(WORK INSTRUCTIONS): In this exercise, retype exactly the lines from the start of the entries through the line bearing "chimayo pattern brushed knit vest brick", leaving every picture out.

(RECORDS SUPPLIED):

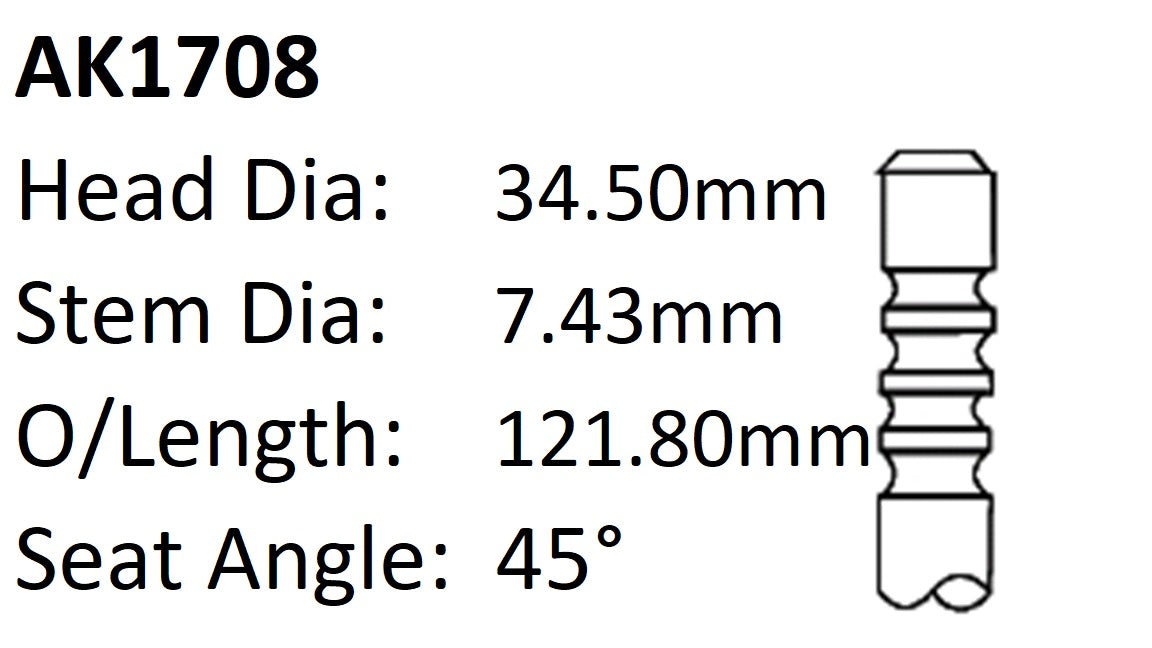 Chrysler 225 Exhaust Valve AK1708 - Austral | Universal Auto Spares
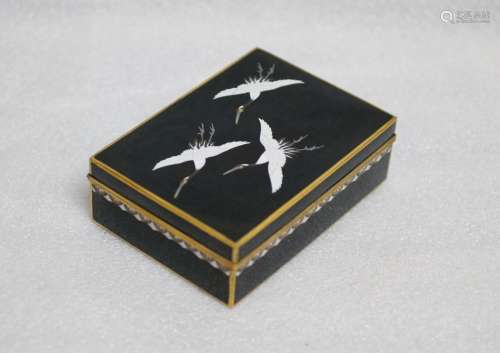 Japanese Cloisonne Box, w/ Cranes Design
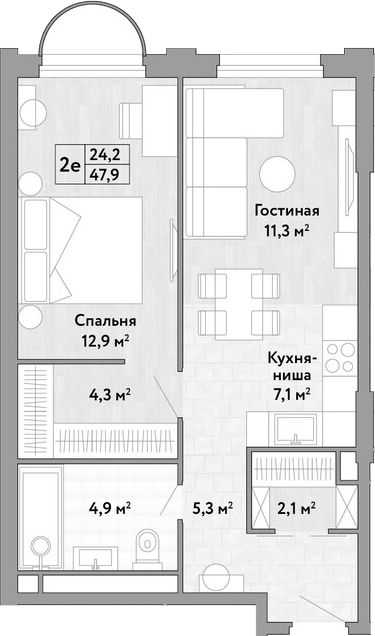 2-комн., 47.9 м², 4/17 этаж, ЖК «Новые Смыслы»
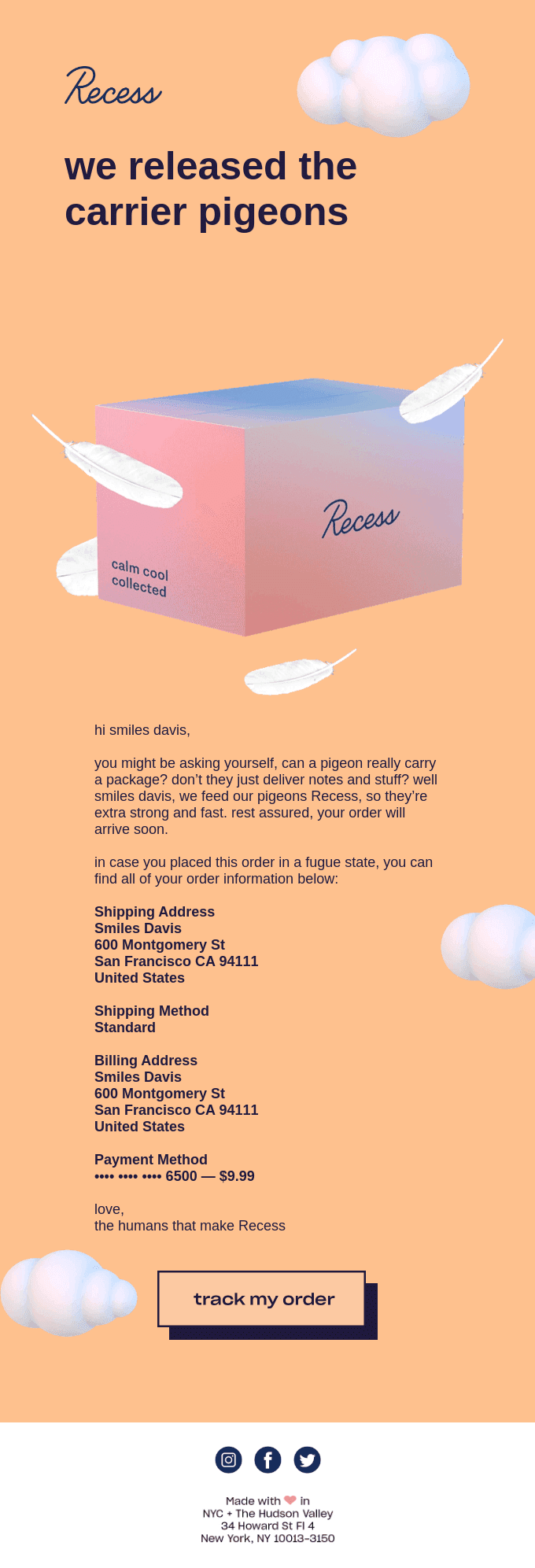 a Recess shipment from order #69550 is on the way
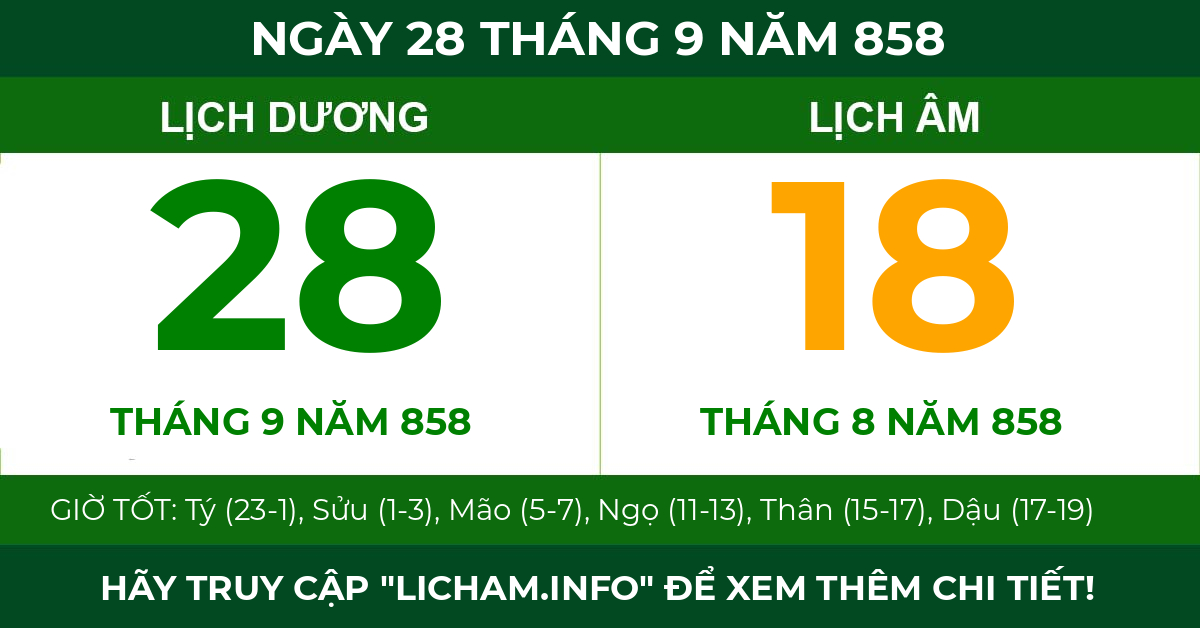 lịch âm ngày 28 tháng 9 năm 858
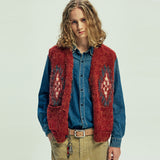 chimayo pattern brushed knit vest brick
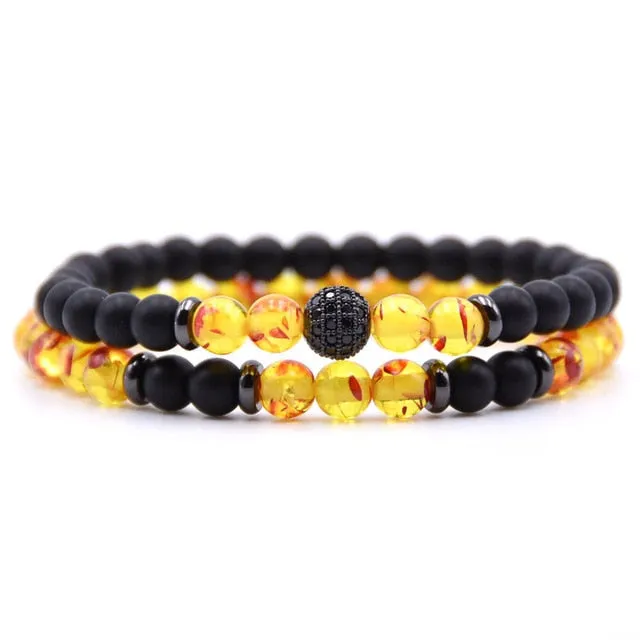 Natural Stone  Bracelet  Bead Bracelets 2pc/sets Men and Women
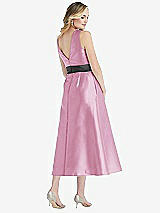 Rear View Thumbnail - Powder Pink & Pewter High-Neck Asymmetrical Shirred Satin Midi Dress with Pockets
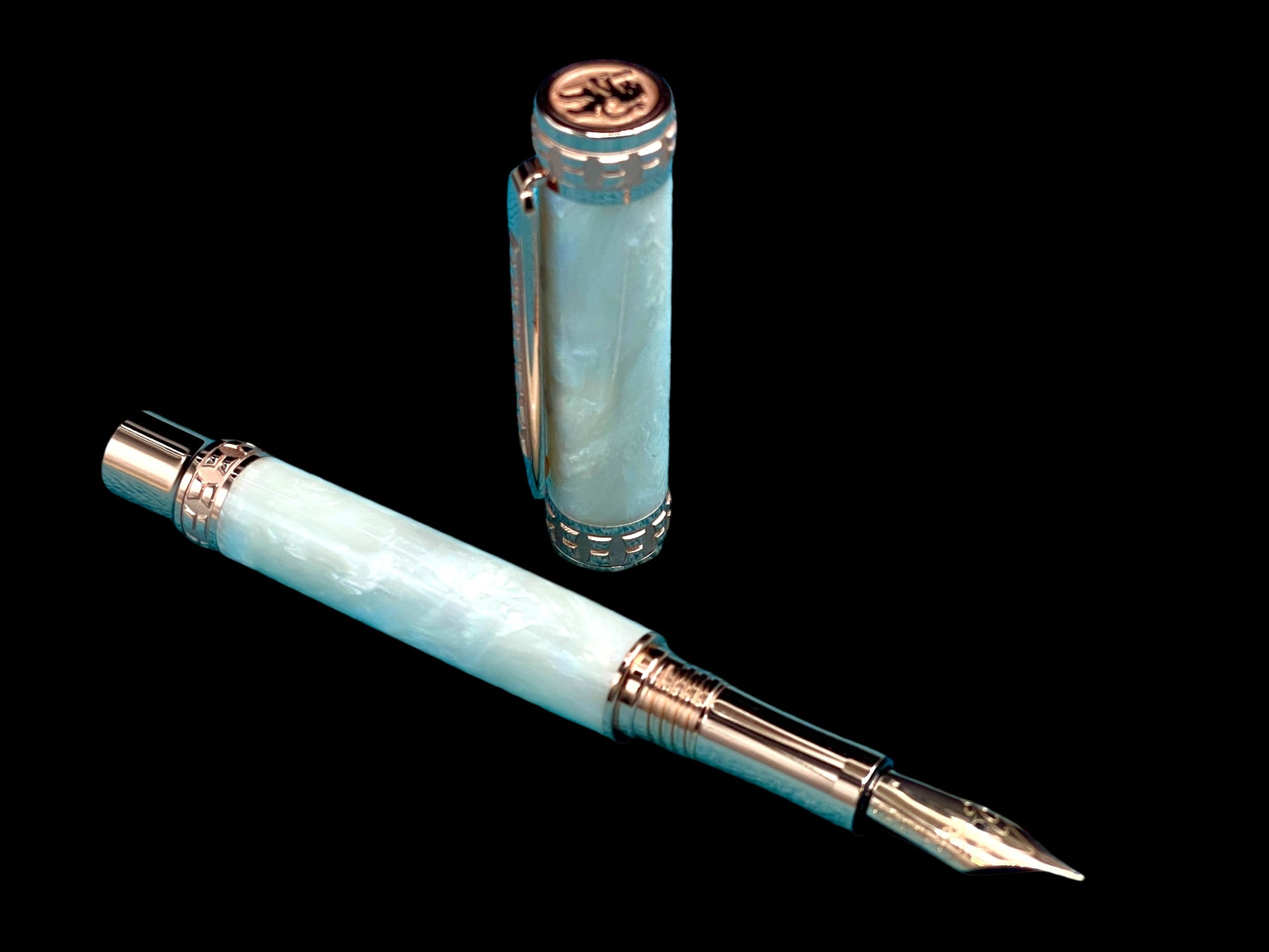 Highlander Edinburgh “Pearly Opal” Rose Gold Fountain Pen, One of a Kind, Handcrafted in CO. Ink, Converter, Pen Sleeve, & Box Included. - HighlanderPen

(SOLUTION TO THE EXERCISE):
 Chrysler 225 Exhaust Valve AK1708 - Austral | Universal Auto Spares
 Japanese Cloisonne Box, w/ Cranes Design
 2-комн., 47.9 м², 4/17 этаж, ЖК «Новые Смыслы»
 a Recess shipment from order #69550 is on the way
 lịch âm ngày 28 tháng 9 năm 858
 chimayo pattern brushed knit vest brick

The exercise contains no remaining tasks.